** Opening Material provided block **
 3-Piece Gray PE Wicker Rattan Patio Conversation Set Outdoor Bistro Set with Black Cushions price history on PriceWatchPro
** Closing Material provided block **
** Opening Material provided block **
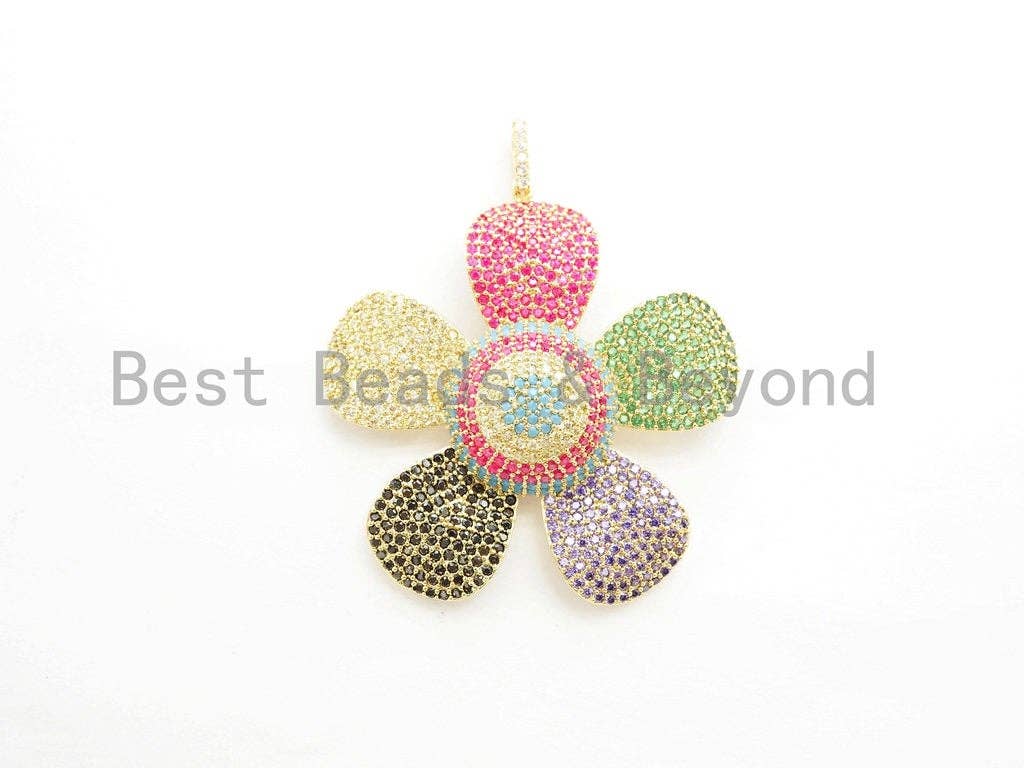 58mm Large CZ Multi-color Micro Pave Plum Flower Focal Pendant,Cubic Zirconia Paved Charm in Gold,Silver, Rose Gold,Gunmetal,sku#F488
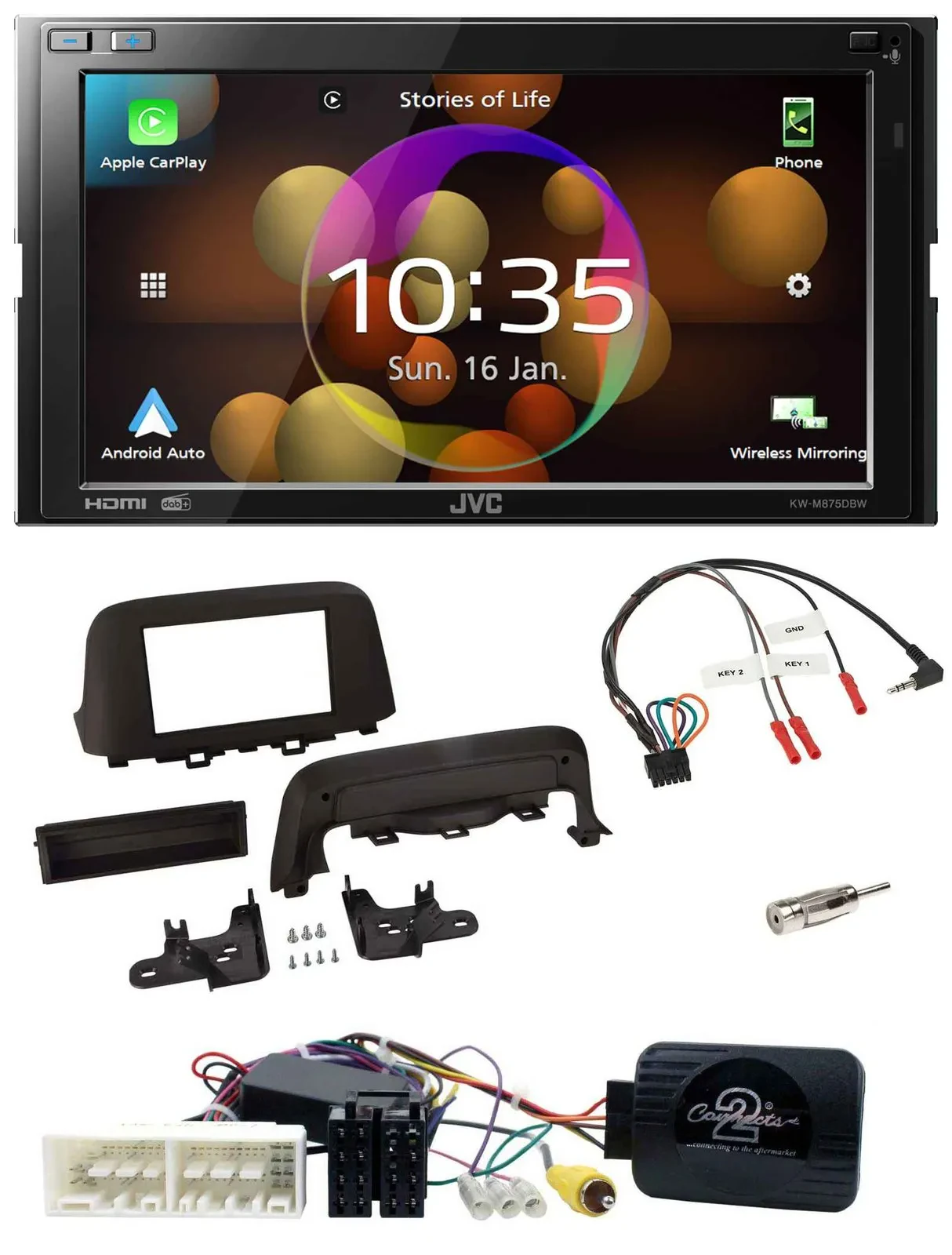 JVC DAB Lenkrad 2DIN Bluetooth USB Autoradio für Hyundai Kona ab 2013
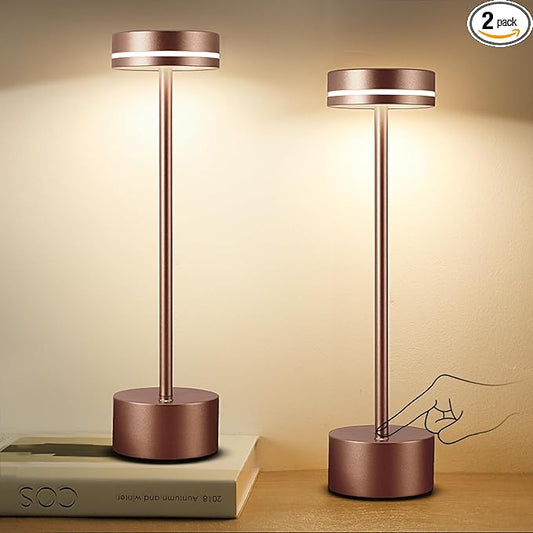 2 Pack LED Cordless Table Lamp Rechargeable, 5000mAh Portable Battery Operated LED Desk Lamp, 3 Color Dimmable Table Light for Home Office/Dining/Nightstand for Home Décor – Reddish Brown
** Closing Material provided block **
** Opening Material provided block **
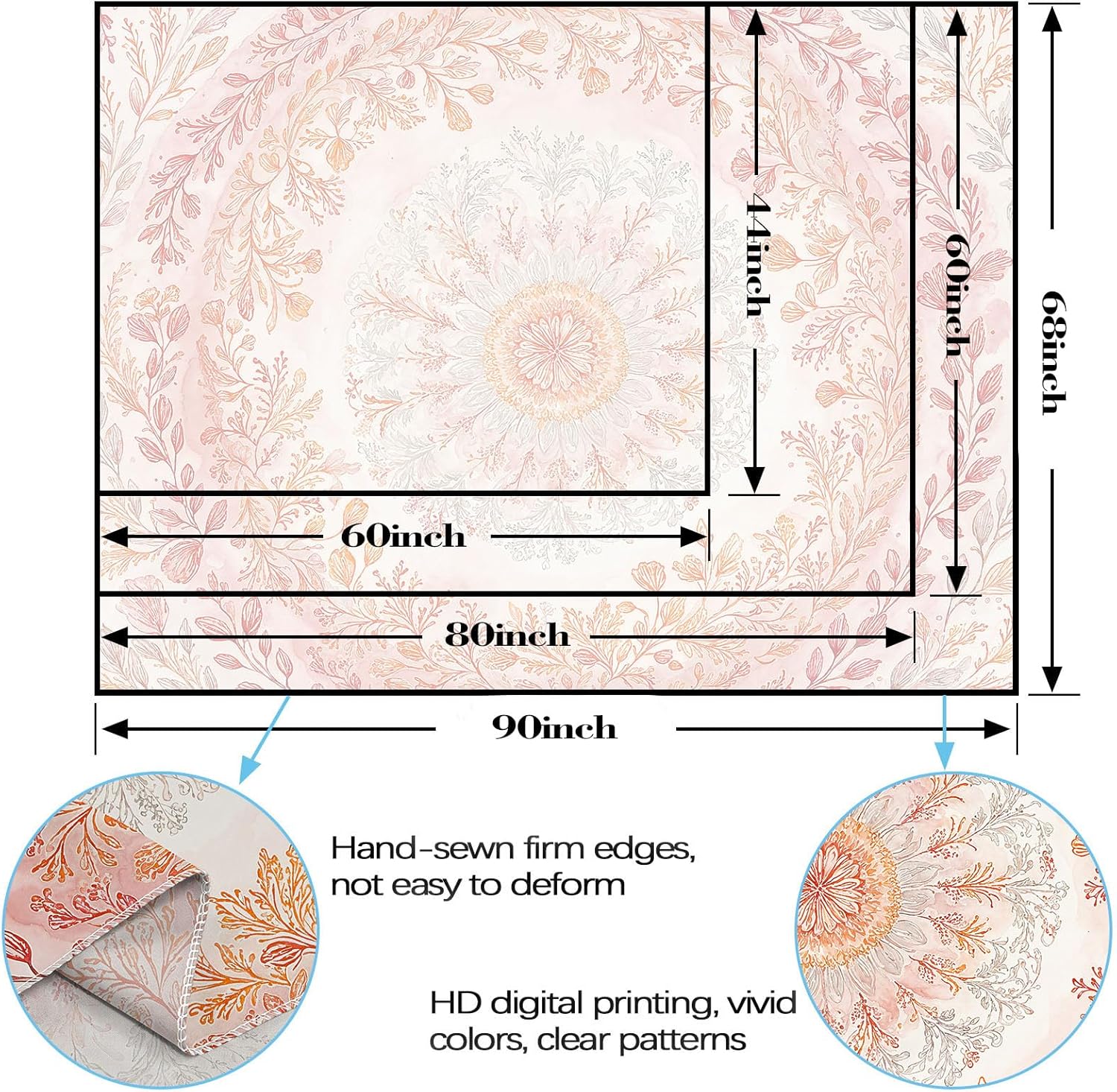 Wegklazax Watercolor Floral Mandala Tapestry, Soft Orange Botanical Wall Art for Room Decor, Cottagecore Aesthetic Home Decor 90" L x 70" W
** Closing Material provided block **
◆ **What is being asked**:
What should come back is an exact copy of the lines above from the line with "58mm Large CZ" to the line with "2 Pack LED Cordless", both included, minus the pictures.

◆ **Reply to the task**:
 58mm Large CZ Multi-color Micro Pave Plum Flower Focal Pendant,Cubic Zirconia Paved Charm in Gold,Silver, Rose Gold,Gunmetal,sku#F488
 JVC DAB Lenkrad 2DIN Bluetooth USB Autoradio für Hyundai Kona ab 2013
 2 Pack LED Cordless Table Lamp Rechargeable, 5000mAh Portable Battery Operated LED Desk Lamp, 3 Color Dimmable Table Light for Home Office/Dining/Nightstand for Home Décor – Reddish Brown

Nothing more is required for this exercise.